Task statement
Needed from the data below: every line from the one with "Dr. Martens Women's" up to and including the one with "Богемное ретро керамическое", repeated exactly and with nothing else.
#### Exercise data
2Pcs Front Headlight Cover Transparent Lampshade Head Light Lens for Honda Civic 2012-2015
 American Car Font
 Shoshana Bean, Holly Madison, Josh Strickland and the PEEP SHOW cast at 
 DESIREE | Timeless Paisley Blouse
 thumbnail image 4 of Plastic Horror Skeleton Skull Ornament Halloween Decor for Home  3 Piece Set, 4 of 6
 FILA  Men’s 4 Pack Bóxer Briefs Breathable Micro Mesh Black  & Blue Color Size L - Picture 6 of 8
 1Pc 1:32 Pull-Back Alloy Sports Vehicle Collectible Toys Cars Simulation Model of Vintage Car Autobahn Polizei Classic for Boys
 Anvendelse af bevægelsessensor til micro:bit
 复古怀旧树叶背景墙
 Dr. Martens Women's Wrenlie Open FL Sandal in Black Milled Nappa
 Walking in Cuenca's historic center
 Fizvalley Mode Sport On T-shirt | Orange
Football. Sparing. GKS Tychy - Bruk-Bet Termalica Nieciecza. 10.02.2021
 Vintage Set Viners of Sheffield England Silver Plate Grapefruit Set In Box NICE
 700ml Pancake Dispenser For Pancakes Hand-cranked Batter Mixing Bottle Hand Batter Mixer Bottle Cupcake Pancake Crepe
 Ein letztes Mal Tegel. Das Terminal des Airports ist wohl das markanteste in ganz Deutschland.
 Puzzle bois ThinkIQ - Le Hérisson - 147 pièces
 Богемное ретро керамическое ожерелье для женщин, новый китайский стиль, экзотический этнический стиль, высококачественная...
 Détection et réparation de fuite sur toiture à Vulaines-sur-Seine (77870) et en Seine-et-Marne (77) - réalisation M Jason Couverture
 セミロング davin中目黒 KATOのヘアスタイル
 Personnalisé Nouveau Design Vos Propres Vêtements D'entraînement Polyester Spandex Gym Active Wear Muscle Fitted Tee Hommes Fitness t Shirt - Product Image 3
########
Reply
 Dr. Martens Women's Wrenlie Open FL Sandal in Black Milled Nappa
 Walking in Cuenca's historic center
 Fizvalley Mode Sport On T-shirt | Orange
Football. Sparing. GKS Tychy - Bruk-Bet Termalica Nieciecza. 10.02.2021
 Vintage Set Viners of Sheffield England Silver Plate Grapefruit Set In Box NICE
 700ml Pancake Dispenser For Pancakes Hand-cranked Batter Mixing Bottle Hand Batter Mixer Bottle Cupcake Pancake Crepe
 Ein letztes Mal Tegel. Das Terminal des Airports ist wohl das markanteste in ganz Deutschland.
 Puzzle bois ThinkIQ - Le Hérisson - 147 pièces
 Богемное ретро керамическое ожерелье для женщин, новый китайский стиль, экзотический этнический стиль, высококачественная...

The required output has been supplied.